Of the 70 nominees, 31 were pending on the Senate floor and 21 were waiting on a vote from the Judiciary Committee at the end of the session.
Republicans had tried to move forward on the pending nominations, but the government shutdown combined with Sen. Jeff Flake’s vow to block all judicial nominees until Senate leadership brought legislation to protect special counsel Robert Mueller to the floor doomed the process. The Senate’s last federal judge confirmation was on Dec. 11, when it voted to confirm Jonathan Kobe to the 8th Circuit.
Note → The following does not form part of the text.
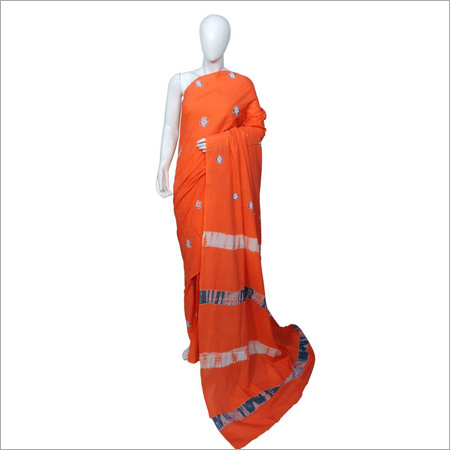 All Cotton Designer Sarees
Sen. Lindsey Graham (R-S.C.) who is slated to take the helm of the Judiciary Committee in the next Congress, has not detailed precisely how he will handle pending nominations but tweeted in November: “If I am fortunate enough to be selected by my colleagues to serve as Chairman, I will push for the appointment and Senate confirmation of highly qualified conservative judges to the federal bench.”
The Senate confirmed 85 judges in the 115th Congress. With a gain of two seats in the midterm elections, judicial nominees, which only need a majority vote, will be easier to confirm.
Carrie Severino, chief counsel and policy director for the conservative Judicial Crisis Network, said she is optimistic about the new Congress, given the increase in the number of GOP senators and both McConnell and Graham’s commitments to moving nominees through.
“I’m assuming they’ll be renominated as soon as the opportunity arises,” she said. “We had record numbers of appellate nominees confirmed over the last two years and I think all signs point to that trend continuing.”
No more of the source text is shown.